● Task requirements
Nothing but the pictures should be left out when you copy the records exactly.

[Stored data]
● ● ● ● ●

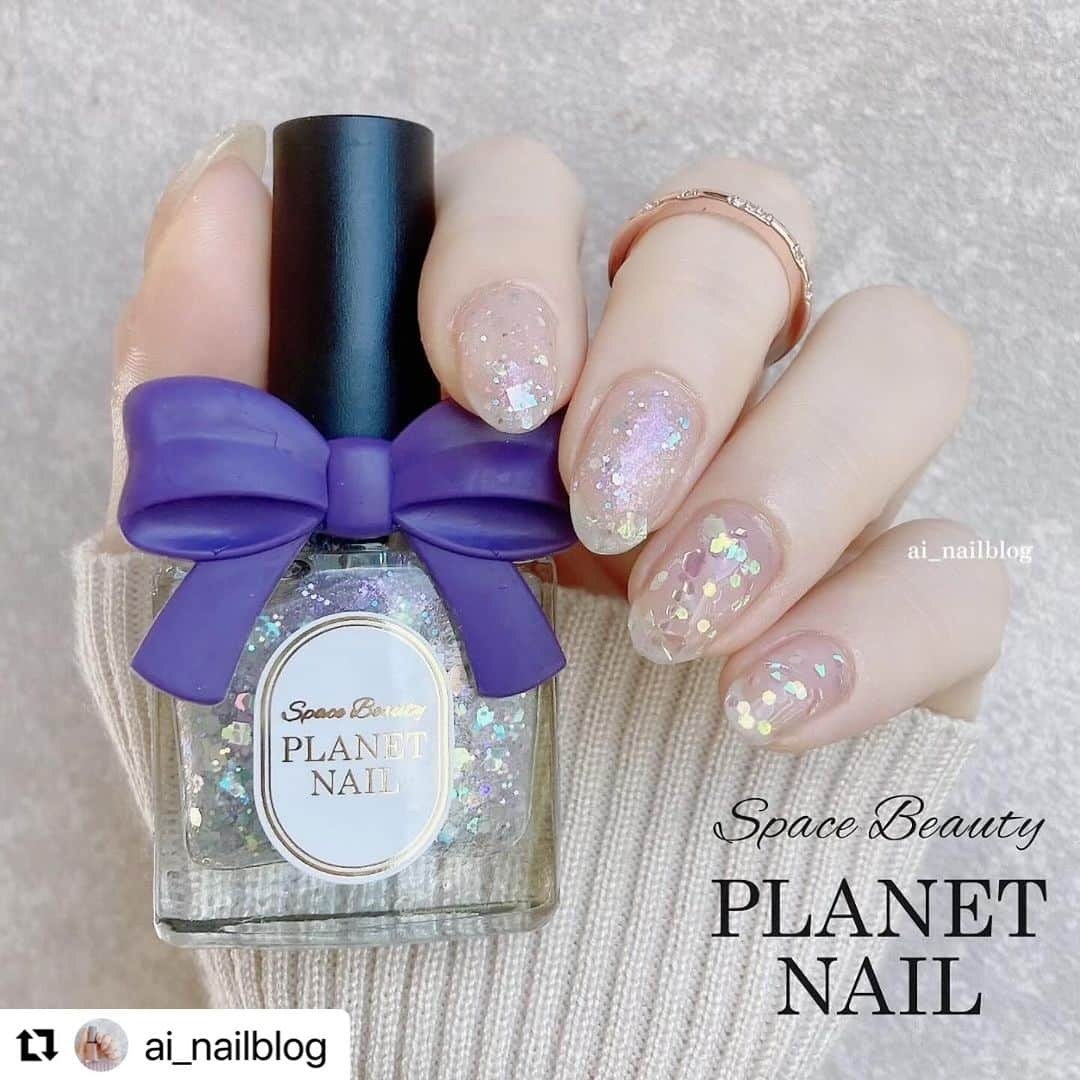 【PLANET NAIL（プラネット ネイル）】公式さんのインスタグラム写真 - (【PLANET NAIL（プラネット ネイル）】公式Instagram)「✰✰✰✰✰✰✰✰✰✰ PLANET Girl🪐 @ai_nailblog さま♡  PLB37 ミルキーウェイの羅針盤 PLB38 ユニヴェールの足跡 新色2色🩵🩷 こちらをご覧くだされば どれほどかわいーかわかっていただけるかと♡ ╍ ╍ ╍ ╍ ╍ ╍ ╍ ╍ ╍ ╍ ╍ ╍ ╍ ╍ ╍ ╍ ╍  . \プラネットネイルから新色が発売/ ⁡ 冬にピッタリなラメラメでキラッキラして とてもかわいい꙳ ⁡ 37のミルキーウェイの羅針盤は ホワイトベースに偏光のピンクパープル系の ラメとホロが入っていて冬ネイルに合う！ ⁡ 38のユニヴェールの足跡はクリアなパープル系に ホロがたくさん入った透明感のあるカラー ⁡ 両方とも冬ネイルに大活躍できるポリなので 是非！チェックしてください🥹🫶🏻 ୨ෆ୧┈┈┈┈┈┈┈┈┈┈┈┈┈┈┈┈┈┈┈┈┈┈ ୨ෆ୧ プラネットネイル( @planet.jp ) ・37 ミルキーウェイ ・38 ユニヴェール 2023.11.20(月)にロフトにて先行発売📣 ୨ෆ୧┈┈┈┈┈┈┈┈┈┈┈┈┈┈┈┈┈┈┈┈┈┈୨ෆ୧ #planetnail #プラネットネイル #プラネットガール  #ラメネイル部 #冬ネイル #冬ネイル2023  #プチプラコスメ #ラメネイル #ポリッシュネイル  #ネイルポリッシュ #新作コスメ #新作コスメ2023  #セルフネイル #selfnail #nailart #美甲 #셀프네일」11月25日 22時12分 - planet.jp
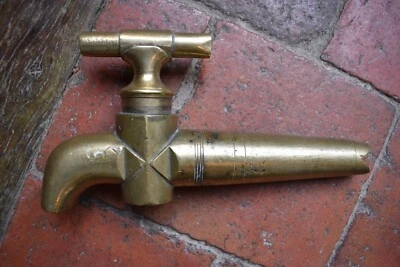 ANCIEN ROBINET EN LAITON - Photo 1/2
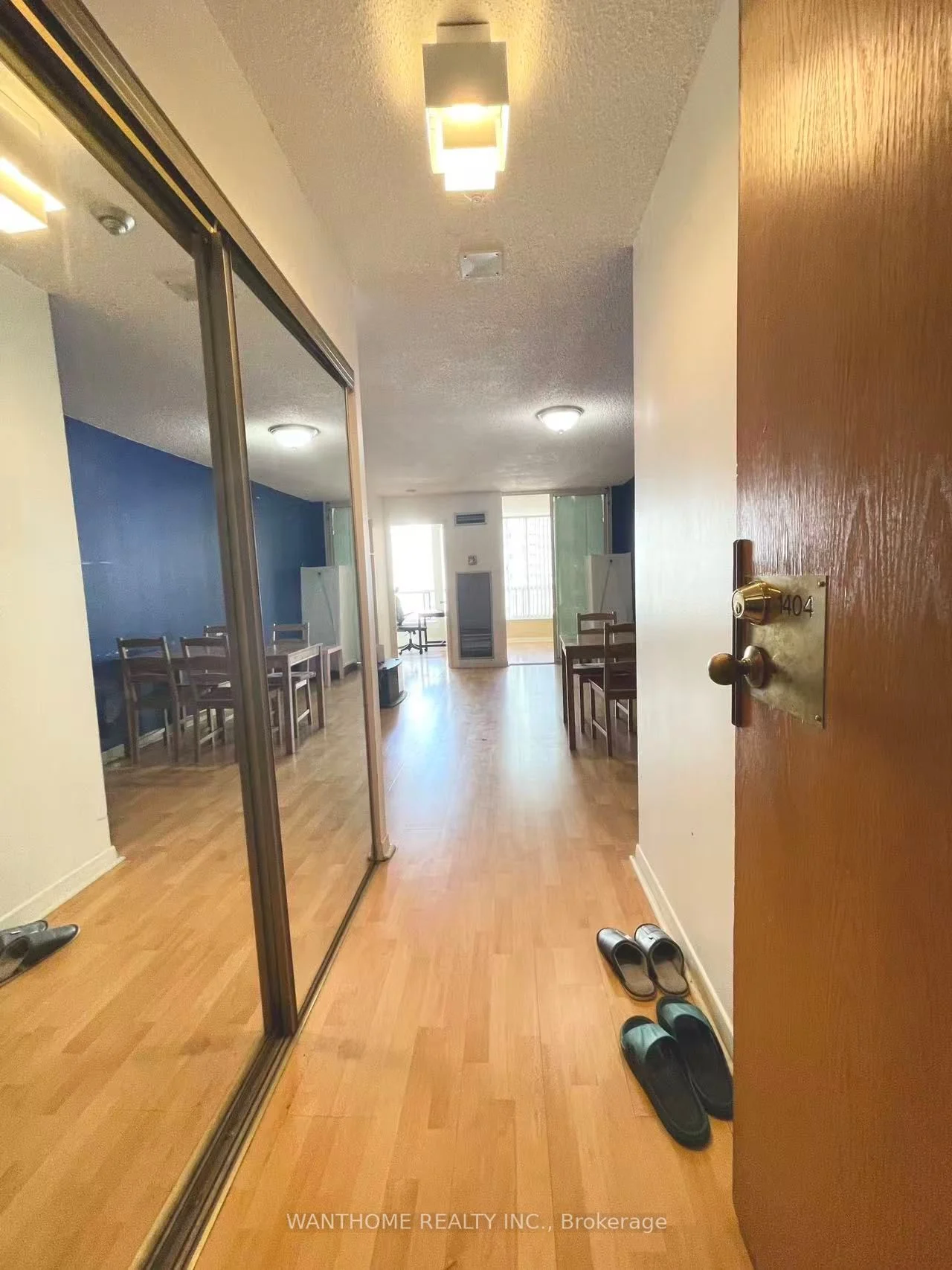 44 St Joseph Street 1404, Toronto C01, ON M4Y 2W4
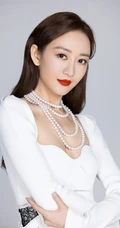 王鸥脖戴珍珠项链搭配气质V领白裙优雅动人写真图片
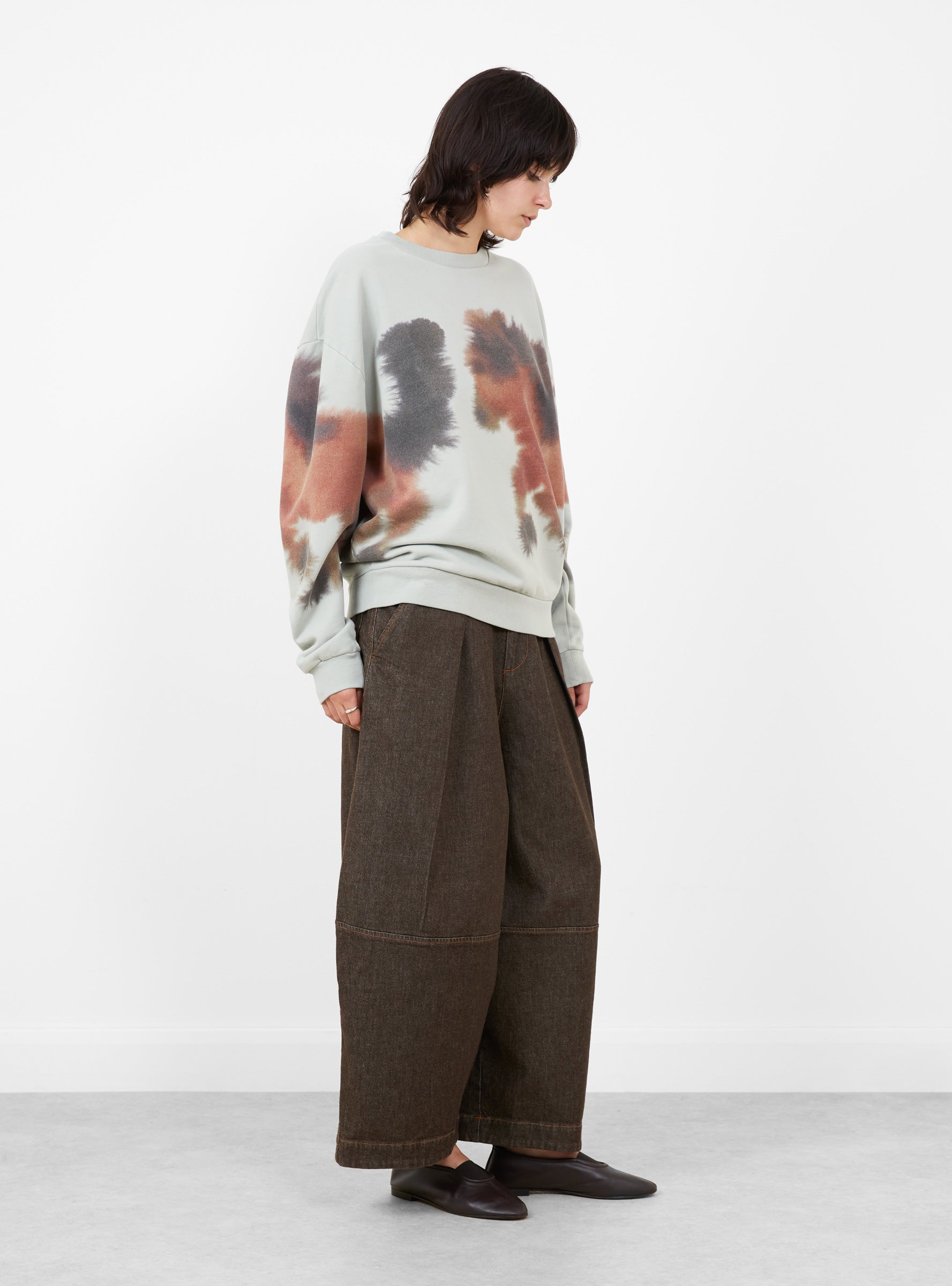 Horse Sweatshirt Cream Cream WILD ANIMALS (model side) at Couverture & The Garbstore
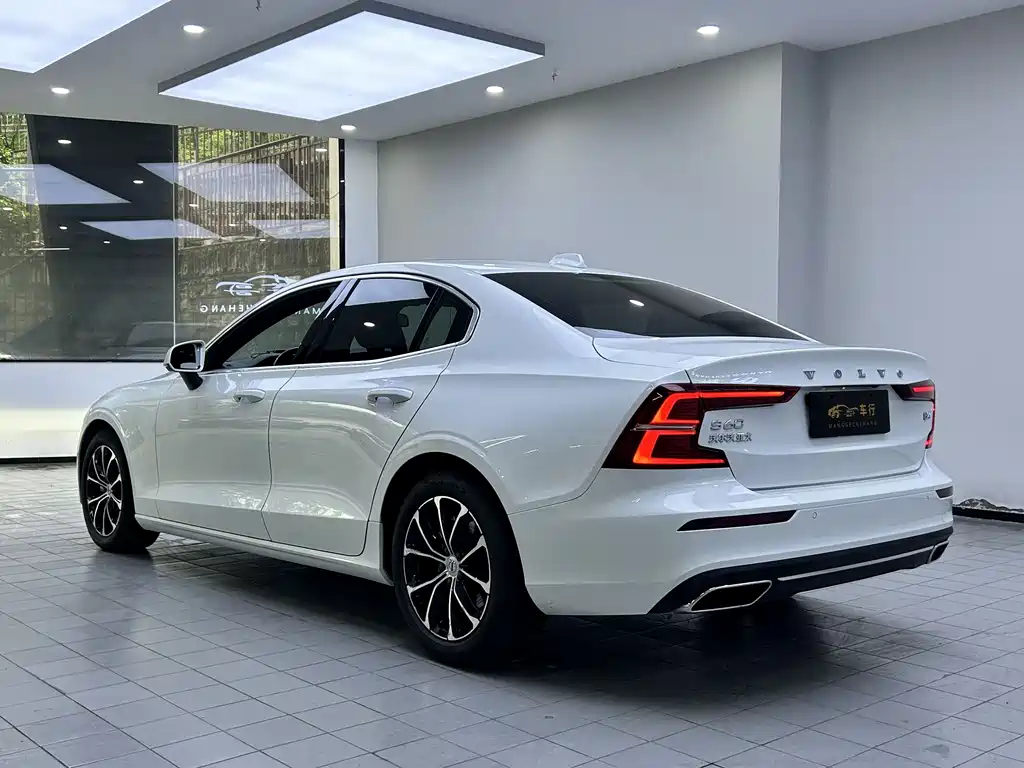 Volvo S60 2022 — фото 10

● ● ● ● ●

● Written response
 【PLANET NAIL（プラネット ネイル）】公式さんのインスタグラム写真 - (【PLANET NAIL（プラネット ネイル）】公式Instagram)「✰✰✰✰✰✰✰✰✰✰ PLANET Girl🪐 @ai_nailblog さま♡  PLB37 ミルキーウェイの羅針盤 PLB38 ユニヴェールの足跡 新色2色🩵🩷 こちらをご覧くだされば どれほどかわいーかわかっていただけるかと♡ ╍ ╍ ╍ ╍ ╍ ╍ ╍ ╍ ╍ ╍ ╍ ╍ ╍ ╍ ╍ ╍ ╍  . \プラネットネイルから新色が発売/ ⁡ 冬にピッタリなラメラメでキラッキラして とてもかわいい꙳ ⁡ 37のミルキーウェイの羅針盤は ホワイトベースに偏光のピンクパープル系の ラメとホロが入っていて冬ネイルに合う！ ⁡ 38のユニヴェールの足跡はクリアなパープル系に ホロがたくさん入った透明感のあるカラー ⁡ 両方とも冬ネイルに大活躍できるポリなので 是非！チェックしてください🥹🫶🏻 ୨ෆ୧┈┈┈┈┈┈┈┈┈┈┈┈┈┈┈┈┈┈┈┈┈┈ ୨ෆ୧ プラネットネイル( @planet.jp ) ・37 ミルキーウェイ ・38 ユニヴェール 2023.11.20(月)にロフトにて先行発売📣 ୨ෆ୧┈┈┈┈┈┈┈┈┈┈┈┈┈┈┈┈┈┈┈┈┈┈୨ෆ୧ #planetnail #プラネットネイル #プラネットガール  #ラメネイル部 #冬ネイル #冬ネイル2023  #プチプラコスメ #ラメネイル #ポリッシュネイル  #ネイルポリッシュ #新作コスメ #新作コスメ2023  #セルフネイル #selfnail #nailart #美甲 #셀프네일」11月25日 22時12分 - planet.jp
 ANCIEN ROBINET EN LAITON - Photo 1/2
 44 St Joseph Street 1404, Toronto C01, ON M4Y 2W4
 王鸥脖戴珍珠项链搭配气质V领白裙优雅动人写真图片
 Horse Sweatshirt Cream Cream WILD ANIMALS (model side) at Couverture & The Garbstore
 Volvo S60 2022 — фото 10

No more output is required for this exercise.